Sotto il cielo ci sono tante convinzioni e poche certezze, ma se vogliamo possiamo ribaltare il tutto con fugaci momenti di fantasia e portare estasi li dove l’estasi ci manca… Sei libero di fare come sei libero di ricevere, questa è una certezza e di ciò sono convinta.
Non riesco a fare a meno d’amare! Voglio commuovermi, arrabbiarmi, scrivere, comunicare, discutere, conoscere, sorridere, partecipare, ascoltare, ribellarmi, vivere. Vorrei impegnarmi, per restare viva, fino all’ultimo istante.

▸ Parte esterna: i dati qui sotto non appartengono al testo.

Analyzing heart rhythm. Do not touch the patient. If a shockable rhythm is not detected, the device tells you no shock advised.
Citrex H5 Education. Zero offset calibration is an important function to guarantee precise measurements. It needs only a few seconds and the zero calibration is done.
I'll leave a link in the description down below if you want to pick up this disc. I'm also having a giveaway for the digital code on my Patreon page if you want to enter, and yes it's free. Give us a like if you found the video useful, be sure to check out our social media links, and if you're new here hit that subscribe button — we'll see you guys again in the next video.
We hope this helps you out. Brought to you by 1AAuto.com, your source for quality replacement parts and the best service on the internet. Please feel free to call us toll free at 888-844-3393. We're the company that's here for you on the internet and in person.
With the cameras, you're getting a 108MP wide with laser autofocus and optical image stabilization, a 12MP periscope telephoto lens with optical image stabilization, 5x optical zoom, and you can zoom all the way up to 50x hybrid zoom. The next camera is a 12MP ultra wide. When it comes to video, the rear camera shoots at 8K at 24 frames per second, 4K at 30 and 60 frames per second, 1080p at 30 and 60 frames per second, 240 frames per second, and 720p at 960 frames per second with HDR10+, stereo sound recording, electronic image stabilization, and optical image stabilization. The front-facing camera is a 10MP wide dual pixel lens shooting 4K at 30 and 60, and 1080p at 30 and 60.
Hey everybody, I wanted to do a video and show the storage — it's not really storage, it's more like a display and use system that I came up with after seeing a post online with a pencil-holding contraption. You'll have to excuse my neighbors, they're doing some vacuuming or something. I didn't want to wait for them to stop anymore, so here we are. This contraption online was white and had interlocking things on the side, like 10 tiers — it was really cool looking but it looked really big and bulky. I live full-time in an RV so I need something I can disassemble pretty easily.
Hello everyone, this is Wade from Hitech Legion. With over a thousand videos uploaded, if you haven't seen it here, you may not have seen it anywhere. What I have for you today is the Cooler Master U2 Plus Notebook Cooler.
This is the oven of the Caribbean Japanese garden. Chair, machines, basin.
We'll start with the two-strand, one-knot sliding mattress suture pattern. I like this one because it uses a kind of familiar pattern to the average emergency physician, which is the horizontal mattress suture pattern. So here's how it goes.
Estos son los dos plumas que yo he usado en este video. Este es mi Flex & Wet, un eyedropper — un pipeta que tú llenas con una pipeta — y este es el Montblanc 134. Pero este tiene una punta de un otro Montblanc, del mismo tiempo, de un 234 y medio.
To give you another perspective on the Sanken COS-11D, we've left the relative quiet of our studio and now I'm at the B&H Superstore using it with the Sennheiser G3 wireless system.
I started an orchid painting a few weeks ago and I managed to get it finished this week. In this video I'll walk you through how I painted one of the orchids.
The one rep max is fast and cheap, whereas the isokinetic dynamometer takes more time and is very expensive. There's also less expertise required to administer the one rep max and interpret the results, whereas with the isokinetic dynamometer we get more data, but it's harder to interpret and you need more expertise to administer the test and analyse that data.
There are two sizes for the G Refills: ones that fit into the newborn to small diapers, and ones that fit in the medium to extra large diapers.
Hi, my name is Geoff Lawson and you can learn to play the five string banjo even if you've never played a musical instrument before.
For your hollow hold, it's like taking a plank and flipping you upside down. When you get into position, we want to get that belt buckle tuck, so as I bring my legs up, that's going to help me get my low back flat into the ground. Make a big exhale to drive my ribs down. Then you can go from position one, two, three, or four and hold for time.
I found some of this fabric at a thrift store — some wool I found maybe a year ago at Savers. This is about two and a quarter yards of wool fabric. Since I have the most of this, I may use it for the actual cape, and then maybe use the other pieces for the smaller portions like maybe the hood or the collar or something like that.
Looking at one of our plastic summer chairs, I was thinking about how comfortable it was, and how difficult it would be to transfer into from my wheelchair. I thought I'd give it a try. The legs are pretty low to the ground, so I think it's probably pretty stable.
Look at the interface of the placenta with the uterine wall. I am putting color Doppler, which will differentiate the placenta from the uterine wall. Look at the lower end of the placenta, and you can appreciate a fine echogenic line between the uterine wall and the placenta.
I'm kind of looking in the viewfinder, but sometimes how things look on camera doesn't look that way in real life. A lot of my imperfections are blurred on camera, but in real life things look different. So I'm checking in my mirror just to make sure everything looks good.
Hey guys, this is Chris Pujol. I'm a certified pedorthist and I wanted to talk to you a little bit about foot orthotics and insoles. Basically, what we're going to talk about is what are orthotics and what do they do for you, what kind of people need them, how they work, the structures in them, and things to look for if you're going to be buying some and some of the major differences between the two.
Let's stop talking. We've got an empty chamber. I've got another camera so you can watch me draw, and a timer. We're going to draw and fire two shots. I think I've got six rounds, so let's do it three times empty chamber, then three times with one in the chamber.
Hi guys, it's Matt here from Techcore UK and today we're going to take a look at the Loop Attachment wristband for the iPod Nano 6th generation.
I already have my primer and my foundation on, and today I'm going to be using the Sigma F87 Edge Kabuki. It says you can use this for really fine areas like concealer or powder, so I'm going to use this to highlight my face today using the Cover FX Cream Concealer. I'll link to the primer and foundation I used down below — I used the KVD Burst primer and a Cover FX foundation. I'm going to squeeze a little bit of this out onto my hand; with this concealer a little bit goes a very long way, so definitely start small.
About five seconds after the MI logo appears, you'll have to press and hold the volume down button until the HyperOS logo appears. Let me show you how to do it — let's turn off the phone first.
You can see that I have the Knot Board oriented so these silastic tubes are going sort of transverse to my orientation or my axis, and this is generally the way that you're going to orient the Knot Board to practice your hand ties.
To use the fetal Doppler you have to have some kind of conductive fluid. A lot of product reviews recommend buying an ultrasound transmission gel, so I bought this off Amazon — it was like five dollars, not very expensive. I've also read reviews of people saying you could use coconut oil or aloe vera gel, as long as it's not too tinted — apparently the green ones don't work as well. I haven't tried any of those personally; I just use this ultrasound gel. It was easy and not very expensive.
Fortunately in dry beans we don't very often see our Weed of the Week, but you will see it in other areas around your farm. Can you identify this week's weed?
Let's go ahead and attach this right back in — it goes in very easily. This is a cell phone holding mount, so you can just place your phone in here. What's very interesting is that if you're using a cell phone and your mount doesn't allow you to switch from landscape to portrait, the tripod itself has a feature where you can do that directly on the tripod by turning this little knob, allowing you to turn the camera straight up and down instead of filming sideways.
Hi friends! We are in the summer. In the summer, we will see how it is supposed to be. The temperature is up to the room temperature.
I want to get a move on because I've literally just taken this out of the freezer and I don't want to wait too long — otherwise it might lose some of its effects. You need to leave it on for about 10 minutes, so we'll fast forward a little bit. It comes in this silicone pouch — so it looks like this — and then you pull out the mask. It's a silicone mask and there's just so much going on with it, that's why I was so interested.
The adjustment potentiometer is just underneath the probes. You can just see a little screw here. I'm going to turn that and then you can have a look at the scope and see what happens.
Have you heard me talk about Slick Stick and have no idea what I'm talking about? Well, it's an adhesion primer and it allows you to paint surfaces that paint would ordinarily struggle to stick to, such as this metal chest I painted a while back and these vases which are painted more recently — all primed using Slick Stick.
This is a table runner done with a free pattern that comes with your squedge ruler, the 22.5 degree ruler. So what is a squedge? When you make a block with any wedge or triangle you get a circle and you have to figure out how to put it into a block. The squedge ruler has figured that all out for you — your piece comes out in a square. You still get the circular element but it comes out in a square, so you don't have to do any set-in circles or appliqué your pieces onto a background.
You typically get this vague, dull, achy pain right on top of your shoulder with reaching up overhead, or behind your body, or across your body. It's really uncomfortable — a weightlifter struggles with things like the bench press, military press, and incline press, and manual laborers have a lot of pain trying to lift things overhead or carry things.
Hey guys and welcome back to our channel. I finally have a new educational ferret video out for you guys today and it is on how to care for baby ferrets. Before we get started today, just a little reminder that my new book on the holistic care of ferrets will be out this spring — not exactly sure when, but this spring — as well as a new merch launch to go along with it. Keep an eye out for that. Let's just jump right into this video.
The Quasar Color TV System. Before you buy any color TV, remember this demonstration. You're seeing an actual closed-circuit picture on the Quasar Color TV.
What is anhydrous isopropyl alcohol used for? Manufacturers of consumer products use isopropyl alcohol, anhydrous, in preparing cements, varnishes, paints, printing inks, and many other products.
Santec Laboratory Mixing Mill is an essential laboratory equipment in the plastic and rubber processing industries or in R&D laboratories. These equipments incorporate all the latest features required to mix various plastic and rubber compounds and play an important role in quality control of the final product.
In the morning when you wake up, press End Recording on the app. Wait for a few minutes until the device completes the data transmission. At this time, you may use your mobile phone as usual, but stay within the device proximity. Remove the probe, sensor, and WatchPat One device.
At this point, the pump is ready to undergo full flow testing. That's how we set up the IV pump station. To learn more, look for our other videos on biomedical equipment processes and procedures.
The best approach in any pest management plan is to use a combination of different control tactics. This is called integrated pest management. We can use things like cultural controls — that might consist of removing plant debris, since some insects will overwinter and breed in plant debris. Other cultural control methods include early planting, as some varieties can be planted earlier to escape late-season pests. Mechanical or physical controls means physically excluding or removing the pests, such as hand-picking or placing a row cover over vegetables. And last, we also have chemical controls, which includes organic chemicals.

Caro Gesù per Natale ho un desiderio che mi sta molto a cuore. Vorrei che mi salutassi il mio angelo lassù, vorrei che lo stringessi forte e gli sussurrassi da parte mia “ti voglio bene”. Non dirgli che mi manca, digli solo che è sempre nel mio cuore.
Bene e male sono solo due comodi espedienti per costringerci in catene… non c’è bene né male se c’è ragionamento.
É nella natura del desiderio di non poter essere soddisfatto.